= United States National Research Council rankings =

PhD program rankings

The National Research Council rankings are surveys carried out periodically by the United States National Research Council of research doctorate programs in United States higher education. The values, rating rather than ranking programs per subject area, are typically revised about every 10 years after a multi-year survey.

==Methodology==
Data collection for the most recent report began in June 2006; it was released on September 28, 2010. These rankings did not provide exact ranks for any university or doctoral program; rather, a statistical range was given. This was because "the committee felt strongly that assigning to each program a single number and ranking them accordingly would be misleading, since there are significant uncertainties and variability in any ranking process."

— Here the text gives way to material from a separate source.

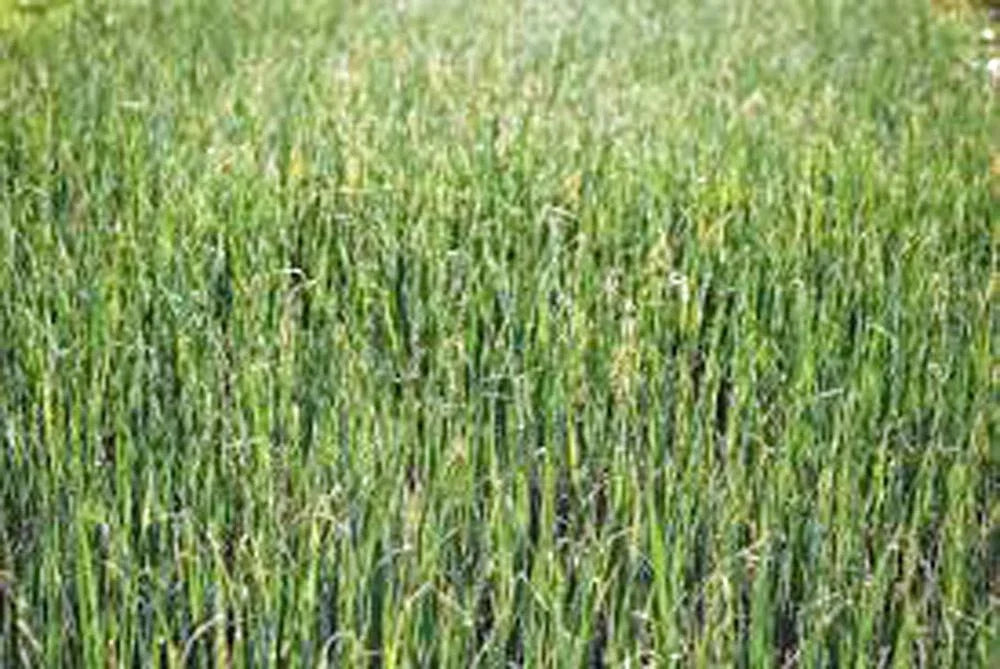 Alfalfa Sprout Seeds – 1000 Non-GMO Heirloom Medicago sativa for Home Sprouting & Fresh Salads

Two series of rankings were offered:
- The R-rankings were based on regression analysis. According to the NRC, this analysis was "based on an indirect approach to determining what faculty value in a program" and was done by first asking a sample faculty group to rate a number of programs in their area, and then using a statistical analysis "to calculate how the 20 program characteristics would need to be weighted in order to reproduce most closely the sample ratings." In doing so, the rankings "attempted to understand how much importance faculty implicitly attached to various program characteristics when they rated the sample of programs." Weights were assigned to each of characteristic varied by field.
- The S-rankings were survey-based: Faculty were "asked about the importance of 20 characteristics ... in determining the quality" of a type of program. Weights were assigned to determinant according to the results, varying by discipline.

The factors included in these computations included
the number of publications per faculty member, citations per publication (except in computer science and the humanities), fraction of the faculty supported by grants and number of grants per faculty member, diversity of the faculty and students, student GRE scores, graduate student funding, number of Ph.D.s and completion percentage, time to degree, academic plans of graduating students, student work space, student health insurance, and student activities.

==Reception==
The rankings have both been praised and criticized by academics.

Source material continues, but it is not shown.